In a joint statement, the ACLU and Human Rights Watch released a 120 page report documenting how mass surveillance by the US is undermining constitutional rights to freedom of the press and legal council
The 120-page report, “With Liberty to Monitor All: How Large-Scale US Surveillance is Harming Journalism, Law, and American Democracy,” is based on extensive interviews with dozens of journalists, lawyers, and senior US government officials. It documents how national security journalists and lawyers are adopting elaborate steps or otherwise modifying their practices to keep communications, sources, and other confidential information secure in light of revelations of unprecedented US government surveillance of electronic communications and transactions. The report finds that government surveillance and secrecy are undermining press freedom, the public’s right to information, and the right to counsel, all human rights essential to a healthy democracy.
Amy Goodman and Aaron Mate sat down with Alex Sinha, Aryeh Neier fellow at Human Rights Watch and the American Civil Liberties Union, and Jeremy Scahill, staff reporter with The Intercept to discuss the threat to Americans’ liberties.

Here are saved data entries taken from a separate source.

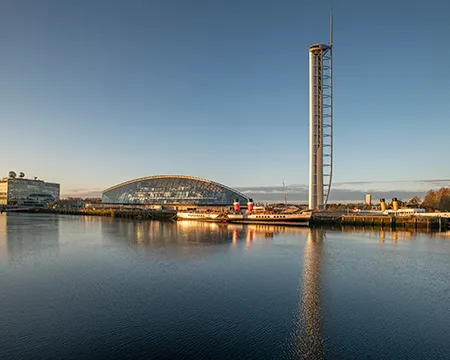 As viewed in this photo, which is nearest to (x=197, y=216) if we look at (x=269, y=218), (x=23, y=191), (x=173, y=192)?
(x=269, y=218)

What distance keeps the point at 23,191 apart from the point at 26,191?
1.11 metres

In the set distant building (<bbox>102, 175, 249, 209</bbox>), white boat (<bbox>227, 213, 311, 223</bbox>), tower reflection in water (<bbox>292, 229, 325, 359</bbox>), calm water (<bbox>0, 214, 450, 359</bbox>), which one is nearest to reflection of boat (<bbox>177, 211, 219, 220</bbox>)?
white boat (<bbox>227, 213, 311, 223</bbox>)

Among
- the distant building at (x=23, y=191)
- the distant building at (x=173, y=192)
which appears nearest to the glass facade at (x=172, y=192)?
the distant building at (x=173, y=192)

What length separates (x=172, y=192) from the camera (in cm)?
10669

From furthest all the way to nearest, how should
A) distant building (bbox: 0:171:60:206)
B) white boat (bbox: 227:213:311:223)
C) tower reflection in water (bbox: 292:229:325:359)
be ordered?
1. distant building (bbox: 0:171:60:206)
2. white boat (bbox: 227:213:311:223)
3. tower reflection in water (bbox: 292:229:325:359)

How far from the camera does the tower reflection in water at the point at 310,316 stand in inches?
423

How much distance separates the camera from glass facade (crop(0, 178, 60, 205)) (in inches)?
5236

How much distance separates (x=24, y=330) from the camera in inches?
462

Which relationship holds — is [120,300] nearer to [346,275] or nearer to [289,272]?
[289,272]

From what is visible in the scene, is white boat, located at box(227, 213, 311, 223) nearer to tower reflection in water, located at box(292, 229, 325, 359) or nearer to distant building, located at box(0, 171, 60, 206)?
tower reflection in water, located at box(292, 229, 325, 359)

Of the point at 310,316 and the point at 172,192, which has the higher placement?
the point at 172,192

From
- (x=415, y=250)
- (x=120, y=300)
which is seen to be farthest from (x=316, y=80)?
(x=120, y=300)

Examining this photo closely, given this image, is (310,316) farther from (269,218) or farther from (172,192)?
(172,192)

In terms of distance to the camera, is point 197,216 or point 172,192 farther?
point 172,192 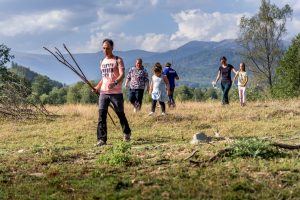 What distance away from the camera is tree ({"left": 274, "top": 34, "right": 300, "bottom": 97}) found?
43.5 metres

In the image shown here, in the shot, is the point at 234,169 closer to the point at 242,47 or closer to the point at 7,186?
the point at 7,186

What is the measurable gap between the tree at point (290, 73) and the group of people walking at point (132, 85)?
2562 cm

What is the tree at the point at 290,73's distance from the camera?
4347 centimetres

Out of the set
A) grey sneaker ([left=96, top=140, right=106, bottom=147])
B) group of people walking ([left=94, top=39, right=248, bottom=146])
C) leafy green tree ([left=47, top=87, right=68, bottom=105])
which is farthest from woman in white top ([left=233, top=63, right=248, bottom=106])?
leafy green tree ([left=47, top=87, right=68, bottom=105])

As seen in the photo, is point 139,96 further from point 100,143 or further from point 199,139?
point 199,139

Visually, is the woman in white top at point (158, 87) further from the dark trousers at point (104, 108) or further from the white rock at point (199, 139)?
the white rock at point (199, 139)

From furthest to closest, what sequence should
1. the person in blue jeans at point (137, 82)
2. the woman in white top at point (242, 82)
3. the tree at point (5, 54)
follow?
the tree at point (5, 54) < the woman in white top at point (242, 82) < the person in blue jeans at point (137, 82)

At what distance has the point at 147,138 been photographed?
11633 mm

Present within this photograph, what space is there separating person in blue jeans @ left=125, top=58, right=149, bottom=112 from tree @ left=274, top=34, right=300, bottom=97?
28257 mm

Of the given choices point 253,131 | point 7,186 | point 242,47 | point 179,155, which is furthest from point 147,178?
point 242,47

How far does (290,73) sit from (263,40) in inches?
456

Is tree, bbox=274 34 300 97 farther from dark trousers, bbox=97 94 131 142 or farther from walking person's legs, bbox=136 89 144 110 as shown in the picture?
dark trousers, bbox=97 94 131 142

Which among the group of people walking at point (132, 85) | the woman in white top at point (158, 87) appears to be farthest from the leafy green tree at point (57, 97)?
the woman in white top at point (158, 87)

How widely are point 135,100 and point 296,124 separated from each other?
19.8 ft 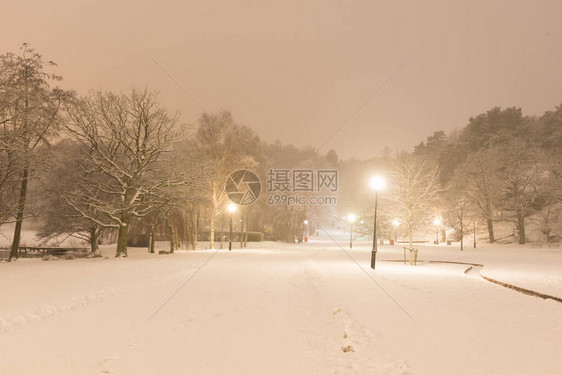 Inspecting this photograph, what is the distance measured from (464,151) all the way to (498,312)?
225 ft

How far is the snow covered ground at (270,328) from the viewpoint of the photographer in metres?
5.30

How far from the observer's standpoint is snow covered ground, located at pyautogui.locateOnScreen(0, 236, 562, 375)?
530cm

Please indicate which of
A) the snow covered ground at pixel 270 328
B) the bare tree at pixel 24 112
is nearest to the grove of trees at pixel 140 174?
the bare tree at pixel 24 112

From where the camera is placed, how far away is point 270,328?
726 centimetres

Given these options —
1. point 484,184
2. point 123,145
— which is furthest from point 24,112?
point 484,184

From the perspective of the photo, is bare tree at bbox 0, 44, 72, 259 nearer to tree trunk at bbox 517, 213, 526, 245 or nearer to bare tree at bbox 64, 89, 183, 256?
bare tree at bbox 64, 89, 183, 256

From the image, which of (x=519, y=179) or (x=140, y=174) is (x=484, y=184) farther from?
(x=140, y=174)

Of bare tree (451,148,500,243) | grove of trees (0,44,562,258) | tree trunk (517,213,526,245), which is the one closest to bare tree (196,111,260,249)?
grove of trees (0,44,562,258)

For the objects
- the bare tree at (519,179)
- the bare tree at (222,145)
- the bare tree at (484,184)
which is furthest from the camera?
the bare tree at (484,184)

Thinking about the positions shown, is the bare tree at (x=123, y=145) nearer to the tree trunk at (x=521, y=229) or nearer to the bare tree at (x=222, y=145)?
the bare tree at (x=222, y=145)

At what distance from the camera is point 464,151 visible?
70.3 metres

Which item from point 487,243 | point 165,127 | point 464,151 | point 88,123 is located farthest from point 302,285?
point 464,151

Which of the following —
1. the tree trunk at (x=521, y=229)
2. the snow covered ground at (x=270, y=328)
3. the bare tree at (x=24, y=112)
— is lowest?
the snow covered ground at (x=270, y=328)

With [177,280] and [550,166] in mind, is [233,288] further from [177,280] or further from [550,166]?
[550,166] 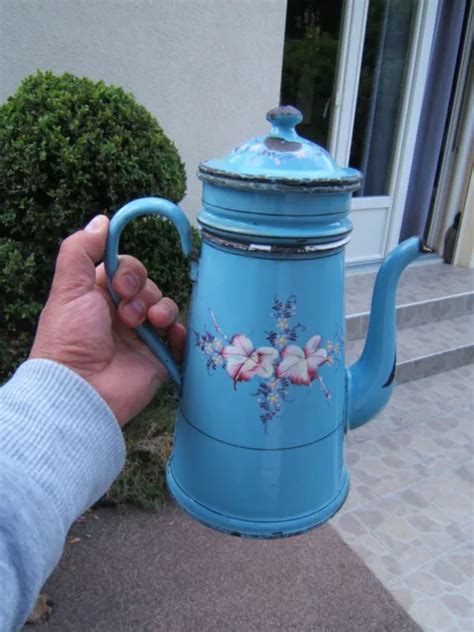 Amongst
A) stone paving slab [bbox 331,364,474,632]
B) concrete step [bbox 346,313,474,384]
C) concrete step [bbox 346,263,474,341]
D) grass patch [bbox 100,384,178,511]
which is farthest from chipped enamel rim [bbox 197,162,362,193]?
concrete step [bbox 346,263,474,341]

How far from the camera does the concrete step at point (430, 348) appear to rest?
3.89 meters

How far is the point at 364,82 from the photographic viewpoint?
4359mm

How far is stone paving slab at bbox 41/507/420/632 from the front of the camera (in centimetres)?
202

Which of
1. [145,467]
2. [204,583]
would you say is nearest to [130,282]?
[204,583]

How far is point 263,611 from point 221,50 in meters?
2.76

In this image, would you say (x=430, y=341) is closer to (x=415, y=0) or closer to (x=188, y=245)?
(x=415, y=0)

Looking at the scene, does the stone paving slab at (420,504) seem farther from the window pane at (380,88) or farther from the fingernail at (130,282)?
the window pane at (380,88)

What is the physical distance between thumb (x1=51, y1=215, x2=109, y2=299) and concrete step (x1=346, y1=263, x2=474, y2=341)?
9.55 ft

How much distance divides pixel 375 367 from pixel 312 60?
365 centimetres

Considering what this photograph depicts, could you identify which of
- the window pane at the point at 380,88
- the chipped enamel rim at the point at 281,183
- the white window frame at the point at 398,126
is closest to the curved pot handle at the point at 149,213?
the chipped enamel rim at the point at 281,183

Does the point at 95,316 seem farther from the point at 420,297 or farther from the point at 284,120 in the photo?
the point at 420,297

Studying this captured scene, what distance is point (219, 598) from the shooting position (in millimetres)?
2113

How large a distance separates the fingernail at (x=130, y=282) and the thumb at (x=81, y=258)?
7 centimetres

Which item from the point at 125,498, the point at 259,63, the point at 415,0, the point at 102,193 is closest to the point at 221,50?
the point at 259,63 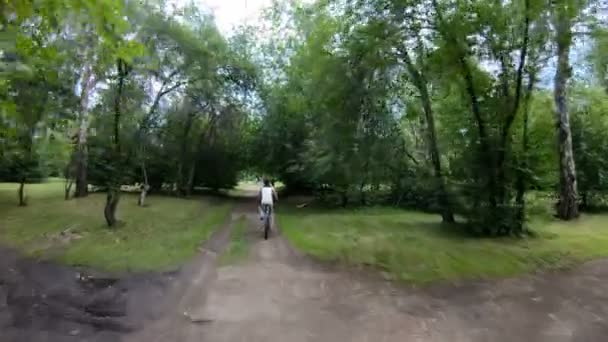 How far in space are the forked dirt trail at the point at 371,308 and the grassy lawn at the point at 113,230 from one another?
7.53 ft

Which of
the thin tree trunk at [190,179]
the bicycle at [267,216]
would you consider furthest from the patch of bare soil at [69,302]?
the thin tree trunk at [190,179]

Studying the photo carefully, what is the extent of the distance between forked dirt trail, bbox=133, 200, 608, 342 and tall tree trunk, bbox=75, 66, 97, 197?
14.2 m

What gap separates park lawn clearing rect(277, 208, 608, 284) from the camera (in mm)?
9250

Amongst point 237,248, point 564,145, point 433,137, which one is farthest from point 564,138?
point 237,248

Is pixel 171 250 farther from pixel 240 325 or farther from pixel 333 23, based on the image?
pixel 333 23

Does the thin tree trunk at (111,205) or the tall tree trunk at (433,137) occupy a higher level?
the tall tree trunk at (433,137)

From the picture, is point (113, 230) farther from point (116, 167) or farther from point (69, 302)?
point (69, 302)

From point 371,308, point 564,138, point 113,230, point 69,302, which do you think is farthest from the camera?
point 564,138

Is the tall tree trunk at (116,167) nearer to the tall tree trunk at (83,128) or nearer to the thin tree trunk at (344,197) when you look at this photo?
the tall tree trunk at (83,128)

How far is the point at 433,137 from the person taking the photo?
15227mm

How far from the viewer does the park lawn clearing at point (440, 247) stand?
9.25 metres

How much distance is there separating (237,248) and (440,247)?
17.0 feet

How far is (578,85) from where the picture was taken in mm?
19734

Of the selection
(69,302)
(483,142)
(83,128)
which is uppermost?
(83,128) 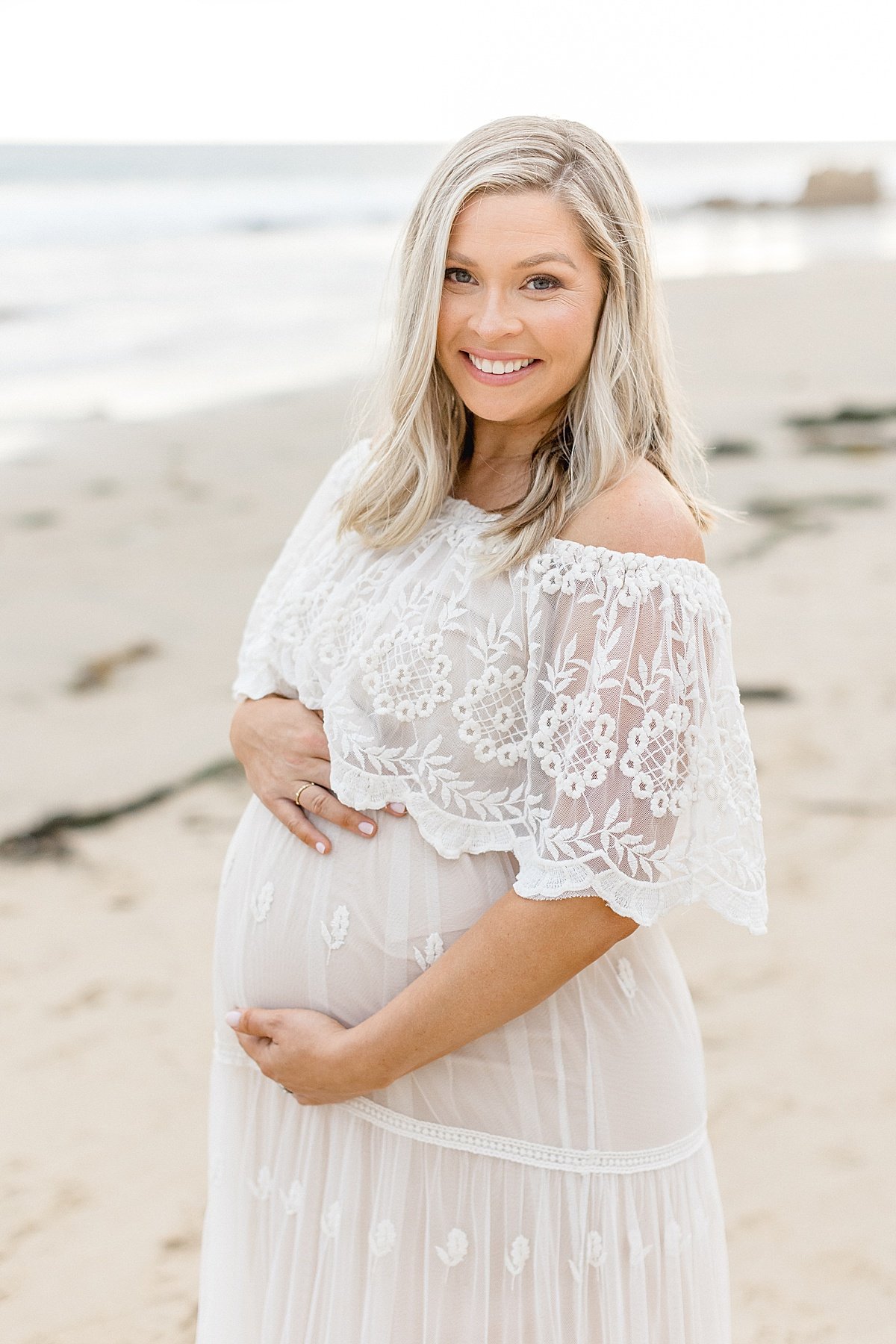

In a new report, Human Rights Watch and the American Civil Liberties Union warn that “large-scale surveillance is seriously hampering U.S.-based journalists and lawyers in their work.” The report is based on interviews with dozens of reporters and lawyers. They describe a media climate where journalists take cumbersome security steps that slows down their reporting. Sources are afraid of talking, as aggressive prosecutions scare government officials into staying silent, even about issues that are unclassified. For lawyers, the threat of surveillance is stoking fears they will be unable to protect a client’s right to privacy. Some defendants are afraid of speaking openly to their own counsel, undermining a lawyer’s ability provide the best possible defense.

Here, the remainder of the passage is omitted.